The government remains committed to reviving the stalled $6 billion Extended Fund Facility (EFF) of the IMF. The international lender is scheduled to start a staff mission on May 18 with the Pakistani authorities in Doha, Qatar.
Pakistan authorities have requested the IMF to extend the EFF arrangement through June 2023 as a signal of their commitment to address existing challenges and achieve the programme’s objectives.
Meanwhile, the PBC noted that deposits placed in the State Bank of Pakistan (SBP) by other countries “to prop up reserves are also vulnerable to withdrawal.”

It also said the government should replace the general fuel subsidy with a targeted one, and must find ways to limit the consumption and import of fuel to preserve the dwindling FX reserves to buy wheat and edible oil.

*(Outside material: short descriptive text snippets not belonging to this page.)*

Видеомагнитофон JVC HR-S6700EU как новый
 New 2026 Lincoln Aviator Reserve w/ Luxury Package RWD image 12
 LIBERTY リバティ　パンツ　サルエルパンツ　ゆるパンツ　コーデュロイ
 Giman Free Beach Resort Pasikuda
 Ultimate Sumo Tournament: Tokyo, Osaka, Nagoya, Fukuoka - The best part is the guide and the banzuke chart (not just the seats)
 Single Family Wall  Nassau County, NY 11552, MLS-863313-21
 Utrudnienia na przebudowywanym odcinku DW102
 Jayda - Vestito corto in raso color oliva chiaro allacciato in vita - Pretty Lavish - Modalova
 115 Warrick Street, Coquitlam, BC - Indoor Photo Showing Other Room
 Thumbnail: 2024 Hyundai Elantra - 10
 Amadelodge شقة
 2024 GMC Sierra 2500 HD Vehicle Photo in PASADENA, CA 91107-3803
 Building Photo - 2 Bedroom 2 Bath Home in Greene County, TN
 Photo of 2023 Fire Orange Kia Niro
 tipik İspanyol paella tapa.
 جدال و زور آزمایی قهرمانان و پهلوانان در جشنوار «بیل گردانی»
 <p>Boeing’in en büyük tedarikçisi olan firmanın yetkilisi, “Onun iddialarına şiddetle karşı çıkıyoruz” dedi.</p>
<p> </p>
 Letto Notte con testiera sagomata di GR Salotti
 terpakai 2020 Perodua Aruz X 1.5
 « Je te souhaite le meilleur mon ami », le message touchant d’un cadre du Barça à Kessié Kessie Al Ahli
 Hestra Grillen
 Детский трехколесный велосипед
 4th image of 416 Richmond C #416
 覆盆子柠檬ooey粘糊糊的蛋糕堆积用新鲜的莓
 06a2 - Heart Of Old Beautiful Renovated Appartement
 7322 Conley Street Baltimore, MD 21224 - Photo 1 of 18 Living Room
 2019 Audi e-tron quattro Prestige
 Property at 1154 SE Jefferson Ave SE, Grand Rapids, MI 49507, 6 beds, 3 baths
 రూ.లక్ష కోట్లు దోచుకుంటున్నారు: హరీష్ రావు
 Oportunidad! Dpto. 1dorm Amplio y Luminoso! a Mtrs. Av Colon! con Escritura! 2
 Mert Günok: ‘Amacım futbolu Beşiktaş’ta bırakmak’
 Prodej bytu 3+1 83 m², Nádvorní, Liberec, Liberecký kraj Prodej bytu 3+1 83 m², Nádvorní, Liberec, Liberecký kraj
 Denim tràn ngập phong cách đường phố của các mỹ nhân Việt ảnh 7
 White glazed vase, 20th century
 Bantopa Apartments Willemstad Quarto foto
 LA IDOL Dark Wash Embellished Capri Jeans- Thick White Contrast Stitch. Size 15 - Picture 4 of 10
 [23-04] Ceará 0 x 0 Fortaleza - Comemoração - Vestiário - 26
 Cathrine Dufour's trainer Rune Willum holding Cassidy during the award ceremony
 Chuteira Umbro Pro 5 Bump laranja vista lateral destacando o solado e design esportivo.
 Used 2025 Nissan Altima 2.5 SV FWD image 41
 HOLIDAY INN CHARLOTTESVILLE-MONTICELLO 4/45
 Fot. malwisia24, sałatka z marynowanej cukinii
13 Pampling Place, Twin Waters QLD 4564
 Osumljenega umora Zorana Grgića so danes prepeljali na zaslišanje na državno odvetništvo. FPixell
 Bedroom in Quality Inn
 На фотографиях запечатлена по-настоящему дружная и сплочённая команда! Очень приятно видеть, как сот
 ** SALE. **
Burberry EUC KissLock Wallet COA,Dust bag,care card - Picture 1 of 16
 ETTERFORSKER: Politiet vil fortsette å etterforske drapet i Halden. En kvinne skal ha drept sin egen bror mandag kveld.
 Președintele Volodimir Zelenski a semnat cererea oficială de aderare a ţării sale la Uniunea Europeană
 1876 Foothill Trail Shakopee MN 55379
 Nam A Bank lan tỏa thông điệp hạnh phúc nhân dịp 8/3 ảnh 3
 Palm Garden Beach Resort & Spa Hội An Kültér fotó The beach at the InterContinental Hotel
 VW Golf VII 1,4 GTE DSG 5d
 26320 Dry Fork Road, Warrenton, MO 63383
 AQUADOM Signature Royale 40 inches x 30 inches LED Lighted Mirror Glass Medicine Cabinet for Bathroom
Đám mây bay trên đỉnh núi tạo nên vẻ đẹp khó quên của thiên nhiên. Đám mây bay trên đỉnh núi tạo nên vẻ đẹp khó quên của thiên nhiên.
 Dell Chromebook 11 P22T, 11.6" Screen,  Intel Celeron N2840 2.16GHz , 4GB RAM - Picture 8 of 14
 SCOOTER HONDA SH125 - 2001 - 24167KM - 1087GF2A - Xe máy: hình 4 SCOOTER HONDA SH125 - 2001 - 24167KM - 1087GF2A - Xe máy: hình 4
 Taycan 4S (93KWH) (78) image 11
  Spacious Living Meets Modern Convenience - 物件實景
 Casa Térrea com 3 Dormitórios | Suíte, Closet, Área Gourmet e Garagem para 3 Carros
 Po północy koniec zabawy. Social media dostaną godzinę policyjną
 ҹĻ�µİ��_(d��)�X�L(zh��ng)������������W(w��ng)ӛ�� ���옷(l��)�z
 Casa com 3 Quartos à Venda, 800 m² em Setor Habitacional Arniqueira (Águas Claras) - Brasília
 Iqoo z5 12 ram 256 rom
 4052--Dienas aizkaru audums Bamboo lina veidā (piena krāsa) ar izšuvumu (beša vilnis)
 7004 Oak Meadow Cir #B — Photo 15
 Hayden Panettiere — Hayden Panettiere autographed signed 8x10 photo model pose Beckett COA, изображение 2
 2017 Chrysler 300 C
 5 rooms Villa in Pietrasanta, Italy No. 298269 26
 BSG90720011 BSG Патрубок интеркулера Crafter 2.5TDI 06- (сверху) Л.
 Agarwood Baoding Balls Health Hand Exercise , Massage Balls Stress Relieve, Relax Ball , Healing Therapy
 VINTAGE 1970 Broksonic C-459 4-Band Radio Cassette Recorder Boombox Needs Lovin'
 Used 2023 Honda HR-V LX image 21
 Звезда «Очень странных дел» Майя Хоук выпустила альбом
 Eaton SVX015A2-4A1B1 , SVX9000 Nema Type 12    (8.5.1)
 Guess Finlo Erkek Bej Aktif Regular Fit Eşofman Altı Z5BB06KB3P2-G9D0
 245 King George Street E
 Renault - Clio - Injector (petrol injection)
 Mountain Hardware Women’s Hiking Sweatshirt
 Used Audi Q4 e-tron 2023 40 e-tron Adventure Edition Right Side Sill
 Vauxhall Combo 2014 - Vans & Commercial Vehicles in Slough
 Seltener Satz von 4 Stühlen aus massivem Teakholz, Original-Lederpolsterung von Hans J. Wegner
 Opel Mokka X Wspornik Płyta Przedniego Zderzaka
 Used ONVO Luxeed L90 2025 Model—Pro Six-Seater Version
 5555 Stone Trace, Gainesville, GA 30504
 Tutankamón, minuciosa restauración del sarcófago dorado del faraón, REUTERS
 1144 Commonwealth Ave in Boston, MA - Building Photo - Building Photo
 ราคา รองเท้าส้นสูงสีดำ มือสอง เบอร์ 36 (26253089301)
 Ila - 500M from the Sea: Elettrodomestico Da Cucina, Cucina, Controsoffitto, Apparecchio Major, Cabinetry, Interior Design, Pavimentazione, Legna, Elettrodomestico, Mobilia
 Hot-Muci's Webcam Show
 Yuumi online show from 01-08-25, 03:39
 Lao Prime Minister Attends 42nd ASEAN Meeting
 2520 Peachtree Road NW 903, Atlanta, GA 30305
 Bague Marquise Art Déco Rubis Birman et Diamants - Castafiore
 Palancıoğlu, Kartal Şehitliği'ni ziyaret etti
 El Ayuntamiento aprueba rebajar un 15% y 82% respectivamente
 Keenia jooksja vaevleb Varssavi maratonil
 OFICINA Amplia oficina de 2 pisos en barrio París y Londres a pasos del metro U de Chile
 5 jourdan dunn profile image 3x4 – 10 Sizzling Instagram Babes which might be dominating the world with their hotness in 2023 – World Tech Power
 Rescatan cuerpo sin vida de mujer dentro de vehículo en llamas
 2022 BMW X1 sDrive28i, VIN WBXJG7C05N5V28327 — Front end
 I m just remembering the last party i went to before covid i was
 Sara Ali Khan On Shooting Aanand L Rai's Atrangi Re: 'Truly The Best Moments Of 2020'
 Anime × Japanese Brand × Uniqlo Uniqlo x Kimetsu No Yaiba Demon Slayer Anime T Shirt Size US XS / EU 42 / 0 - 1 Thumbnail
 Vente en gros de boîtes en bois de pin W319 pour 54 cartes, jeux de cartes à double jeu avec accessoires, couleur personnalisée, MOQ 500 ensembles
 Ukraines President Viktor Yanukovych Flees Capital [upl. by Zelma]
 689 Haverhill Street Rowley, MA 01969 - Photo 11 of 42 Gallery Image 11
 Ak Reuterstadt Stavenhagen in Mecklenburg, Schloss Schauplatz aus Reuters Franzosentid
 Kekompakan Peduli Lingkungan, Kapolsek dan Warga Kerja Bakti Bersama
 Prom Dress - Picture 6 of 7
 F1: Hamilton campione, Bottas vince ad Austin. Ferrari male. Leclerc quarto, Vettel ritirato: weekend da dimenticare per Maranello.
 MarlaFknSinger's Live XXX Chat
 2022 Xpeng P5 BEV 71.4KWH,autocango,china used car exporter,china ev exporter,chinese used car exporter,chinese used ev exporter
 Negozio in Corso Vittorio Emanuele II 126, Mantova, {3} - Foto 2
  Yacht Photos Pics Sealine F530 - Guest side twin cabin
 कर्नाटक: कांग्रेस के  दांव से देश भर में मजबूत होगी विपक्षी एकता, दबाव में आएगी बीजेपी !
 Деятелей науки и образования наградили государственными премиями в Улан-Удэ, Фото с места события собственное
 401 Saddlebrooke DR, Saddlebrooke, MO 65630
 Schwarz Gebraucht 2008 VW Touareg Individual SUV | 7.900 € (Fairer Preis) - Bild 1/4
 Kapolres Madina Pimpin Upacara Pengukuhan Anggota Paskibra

“Inaction will entail serious consequences bordering those in Sri Lanka,” warned PBC. The body said that a higher rate of inflation is inevitable even with subsidies, given the direction of the rupee.
The local currency has been on a downward spiral and has fallen to Rs196 level against the greenback in the inter-bank market.

Back in February, the body had submitted proposals with federal government for promoting scale, competitiveness, formalization and investment. It had also urged the government to take various measures for the export promotion under its ‘Make in Pakistan’ thrust.